■ WORK REQUEST ■
Give back exactly the lines from the start of the entries below to the line holding "An underwater adventure.", that line included, and leave every picture out.

Short descriptive text snippets:
-- Opening Marker --

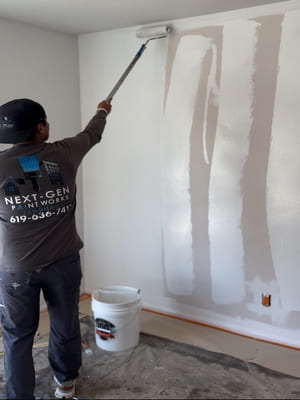A freshly painted interior living room in a San Diego home showing smooth, even walls in a neutral tone with clean trim edges and natural light from a west-facing window. Next-Gen Paintworks completed the interior painting project including walls, ceiling, and door trim.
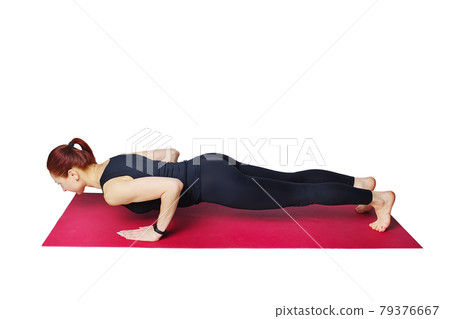 This is a slender woman doing push-ups with a narrow grip on a gym mat. Strengthening the triceps 79376667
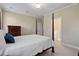 Primary bedroom with a four-poster bed, a dresser, and an ensuite bathroom at 105 Pinecrest Dr, Angier, NC 27501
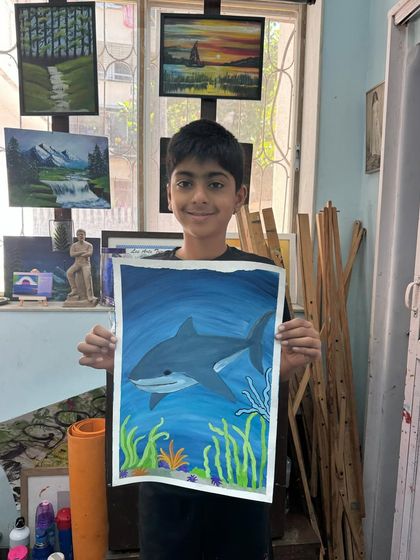 An underwater adventure. This student created a wonderful painting of a shark, learning how to blend colours to create the effect of light filtering through water.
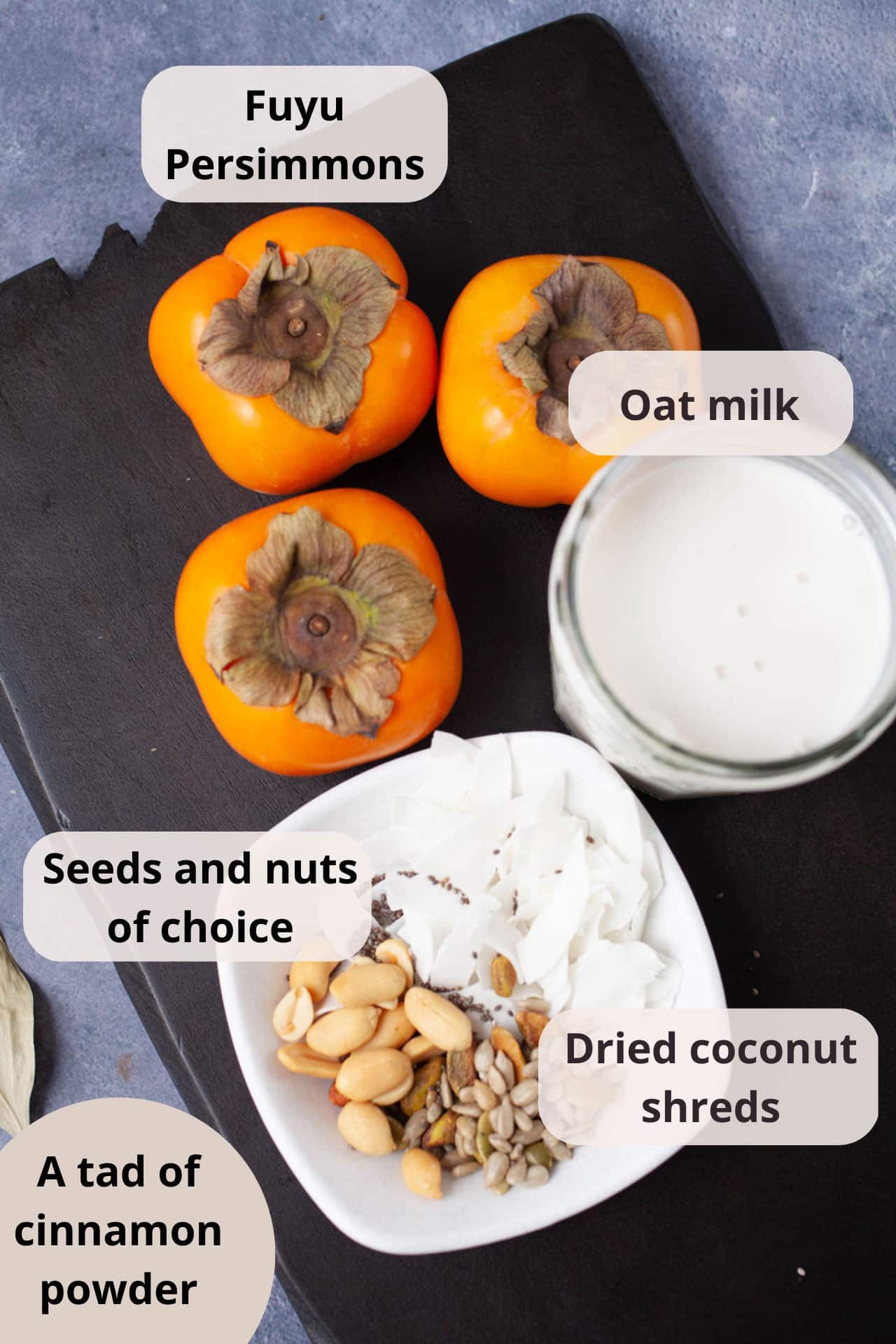 Ingredients like Fuyu persimmons, oat milk, dried coconut shreds, seeds and nuts displayed on a serving board.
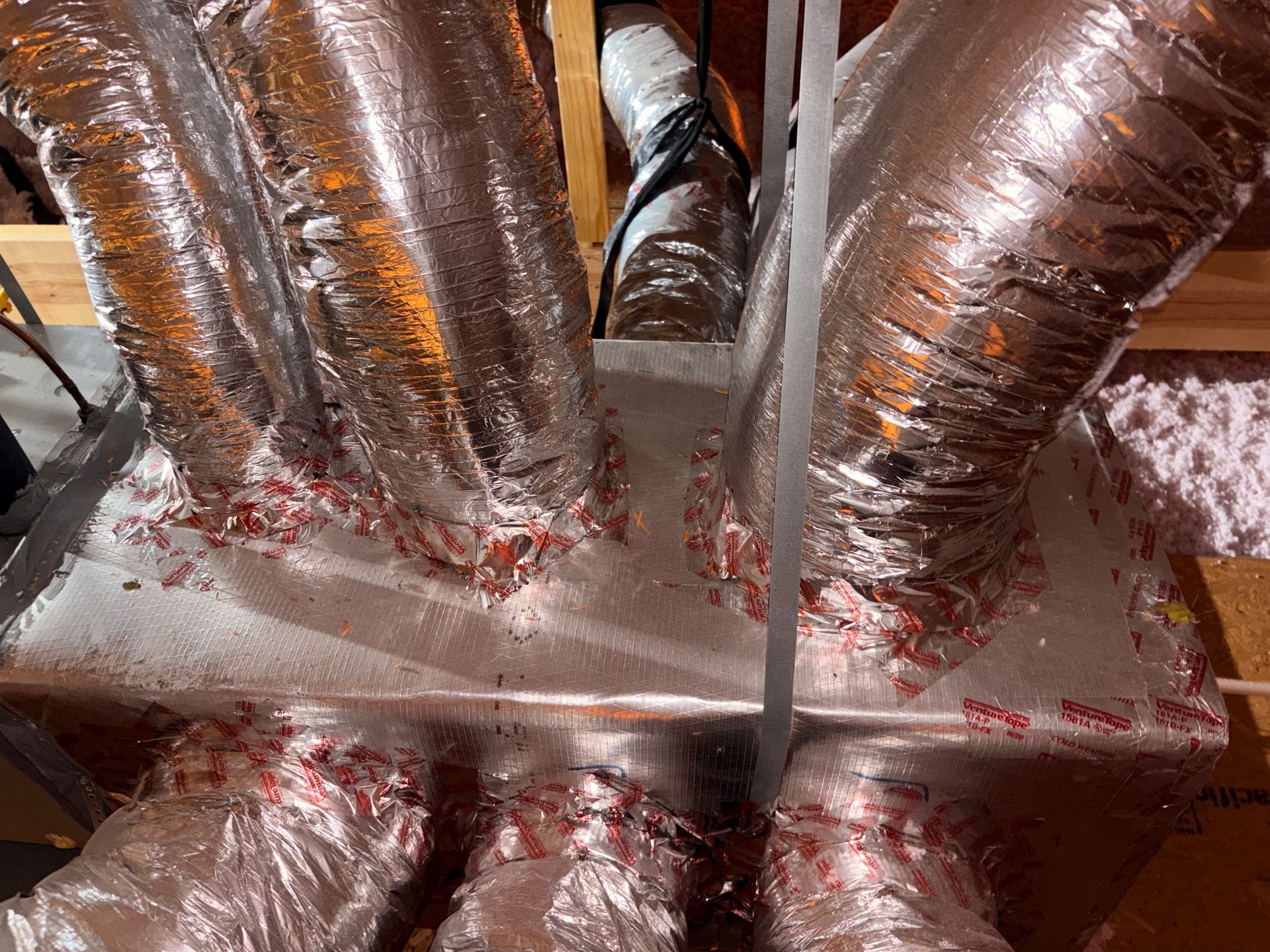 Foil-wrapped HVAC ducts branching from a central vent in a crawlspace or attic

-- Closing Marker --

■ RESPONSE BELOW ■
A freshly painted interior living room in a San Diego home showing smooth, even walls in a neutral tone with clean trim edges and natural light from a west-facing window. Next-Gen Paintworks completed the interior painting project including walls, ceiling, and door trim.
 This is a slender woman doing push-ups with a narrow grip on a gym mat. Strengthening the triceps 79376667
 Primary bedroom with a four-poster bed, a dresser, and an ensuite bathroom at 105 Pinecrest Dr, Angier, NC 27501
 An underwater adventure. This student created a wonderful painting of a shark, learning how to blend colours to create the effect of light filtering through water.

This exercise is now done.